JAVIER PASTORE est sans doute un joueur prometteur, au potentiel et au talent indéniable, et, en tirant le trait grossièrement, son portrait pourrait correspondre à celui du « nouveau Messi » que convoitait Nasser al-Khelaïfi, le président du conseil de surveillance du PSG, dans ces colonnes (L’Équipe du 1er juillet). De beaux dribbles, le milieu international argentin de vingt-deux ans en est capable, des gestes techniques de classe aussi, des buts, il sait en planter du gauche, du droit, de la tête. Mais la saison dernière, avec Palerme, il n’en a mis que onze en Série A, et aucun lors d’un match important. La saison d’avant, il n’en avait inscrit que trois. Du coup, on est en droit de se demander si les 42 à 43 millions d’euros que le club de la capitale s’apprête à débourser pour racheter ses quatre années de contrat ne sont pas exagérés.
Aujourd’hui, Pastore vaut autant, ou presque, que son compatriote Sergio Agüero, transféré de l’Atletico Madrid à Manchester City pour 45 millions. Le gendre de Diego Maradona n’a qu’un an de plus que le futur Parisien, mais il a dans les jambes cinq saisons de Liga, dont la dernière à vingt buts. Agüero est un international argentin averti qui a signé neuf buts en vingt-six sélections. Pastore ne compte que dix sélections et n’a jamais marqué avec l’Albiceleste. Agüero était convoité cet été par le Real Madrid et la Juventus Turin, ce qui contribue à élever son prix sur le marché. Pastore était un second choix de Chelsea qui n’a jamais formulé d’offre à son sujet. Agüero a déjà participé à deux reprises à la Ligue des champions et remporté une Ligue Europa (2010), Pastore n’a que six matches de C 3 dans les jambes.

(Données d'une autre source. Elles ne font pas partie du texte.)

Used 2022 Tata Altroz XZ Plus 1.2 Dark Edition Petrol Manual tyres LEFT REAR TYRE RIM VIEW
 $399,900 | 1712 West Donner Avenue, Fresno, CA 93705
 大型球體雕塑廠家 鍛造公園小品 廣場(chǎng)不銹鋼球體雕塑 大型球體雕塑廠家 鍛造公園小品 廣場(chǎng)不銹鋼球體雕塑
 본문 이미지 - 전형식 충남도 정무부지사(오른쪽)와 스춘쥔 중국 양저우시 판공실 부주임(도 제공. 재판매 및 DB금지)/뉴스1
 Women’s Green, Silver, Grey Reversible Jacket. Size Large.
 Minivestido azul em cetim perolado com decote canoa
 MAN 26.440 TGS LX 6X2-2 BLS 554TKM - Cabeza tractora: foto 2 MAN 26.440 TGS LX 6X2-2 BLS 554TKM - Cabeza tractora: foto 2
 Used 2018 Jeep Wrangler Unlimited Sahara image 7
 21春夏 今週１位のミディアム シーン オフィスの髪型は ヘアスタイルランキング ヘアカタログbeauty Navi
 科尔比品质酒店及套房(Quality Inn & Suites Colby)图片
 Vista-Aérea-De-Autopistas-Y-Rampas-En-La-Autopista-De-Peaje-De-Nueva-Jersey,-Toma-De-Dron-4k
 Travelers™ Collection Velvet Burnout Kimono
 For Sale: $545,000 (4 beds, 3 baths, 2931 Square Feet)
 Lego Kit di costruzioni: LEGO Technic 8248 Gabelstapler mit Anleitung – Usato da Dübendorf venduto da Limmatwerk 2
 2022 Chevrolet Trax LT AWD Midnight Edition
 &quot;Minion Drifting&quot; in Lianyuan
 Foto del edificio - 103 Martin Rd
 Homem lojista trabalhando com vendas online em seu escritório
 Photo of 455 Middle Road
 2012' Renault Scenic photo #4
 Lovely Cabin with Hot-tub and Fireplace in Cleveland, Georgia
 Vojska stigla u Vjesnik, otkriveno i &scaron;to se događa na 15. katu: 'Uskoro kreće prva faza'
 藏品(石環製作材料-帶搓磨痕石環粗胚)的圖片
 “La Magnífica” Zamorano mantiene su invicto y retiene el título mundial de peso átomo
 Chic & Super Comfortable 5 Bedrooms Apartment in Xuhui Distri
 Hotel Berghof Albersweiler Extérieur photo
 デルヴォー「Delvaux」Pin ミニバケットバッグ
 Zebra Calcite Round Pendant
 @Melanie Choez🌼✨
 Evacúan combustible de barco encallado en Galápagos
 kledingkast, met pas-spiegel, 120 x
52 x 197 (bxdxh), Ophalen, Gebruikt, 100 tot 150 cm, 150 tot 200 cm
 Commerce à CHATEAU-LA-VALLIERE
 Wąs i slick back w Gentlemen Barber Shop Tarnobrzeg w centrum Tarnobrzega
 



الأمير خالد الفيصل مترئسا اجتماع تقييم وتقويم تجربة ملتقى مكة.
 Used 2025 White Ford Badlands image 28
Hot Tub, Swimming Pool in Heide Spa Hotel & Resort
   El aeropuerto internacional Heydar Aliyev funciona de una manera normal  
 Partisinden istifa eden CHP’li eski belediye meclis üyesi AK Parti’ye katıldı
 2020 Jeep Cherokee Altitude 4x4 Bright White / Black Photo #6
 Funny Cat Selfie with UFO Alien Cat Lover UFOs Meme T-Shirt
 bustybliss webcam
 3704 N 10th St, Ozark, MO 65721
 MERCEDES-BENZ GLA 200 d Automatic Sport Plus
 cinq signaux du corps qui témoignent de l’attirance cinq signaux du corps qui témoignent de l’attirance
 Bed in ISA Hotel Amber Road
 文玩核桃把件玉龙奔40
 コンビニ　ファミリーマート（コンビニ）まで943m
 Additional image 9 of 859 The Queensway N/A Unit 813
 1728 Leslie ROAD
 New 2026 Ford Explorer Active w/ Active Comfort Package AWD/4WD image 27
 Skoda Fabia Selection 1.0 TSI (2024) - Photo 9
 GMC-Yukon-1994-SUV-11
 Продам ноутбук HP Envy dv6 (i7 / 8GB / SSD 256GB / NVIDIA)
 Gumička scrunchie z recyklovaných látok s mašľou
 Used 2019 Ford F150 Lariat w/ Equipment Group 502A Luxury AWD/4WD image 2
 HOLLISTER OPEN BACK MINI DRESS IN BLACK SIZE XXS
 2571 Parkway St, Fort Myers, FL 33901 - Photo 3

Il est certain que si Agüero vaut 45 millions – ce qui n’est pas évident –, Pastore, dont les dirigeants parisiens vanteront surtout le potentiel, est estimé à la moitié, pas plus. Mais Leonardo a toujours apprécié ces milieux offensifs axiaux, élégants, qui évoluent la tête levée, sont capables d’aller chercher le ballon assez bas et de le remonter très vite. C’est le nouveau directeur sportif parisien qui avait fait venir Alexandre Pato à l’AC Milan (2007) pour 15 millions alors qu’il n’avait que dix-sept ans. C’est encore Leonardo qui aurait apprécié recruter Pastore à l’époque où il dirigeait l’Inter Milan.
L’Argentin est un joueur qu’il suit depuis quelques mois, mais il n’était pas forcément son premier choix pour Paris. Au départ, c’est de l’international brésilien Ganso (21 ans) dont il rêvait. Mais la complexité du dossier (Ganso appartient au club de Santos et à une société d’investissements), conjuguée au fait que le joueur préfère l’AC Milan au PSG, a mis un terme au dossier. Du coup, le patron parisien s’est replié sur Pastore dont il a vanté aux actionnaires qatariens, qui ne le connaissaient pas, l’immense potentiel. Financièrement, Leonardo avait carte blanche. Il s’est donc aligné sur les exigences du malin président de Palerme, Maurizio Zamparini, qui assure qu’il s’agit d’un joueur « fuoriclasse ». La probabilité que Pastore soit revendu, un jour, à un prix équivalent, n’est pas très élevée. Mais pour les Qatariens, ce n’est pas vraiment un problème. Ils tiennent leur tête d’affiche pour leur premier marché des transferts.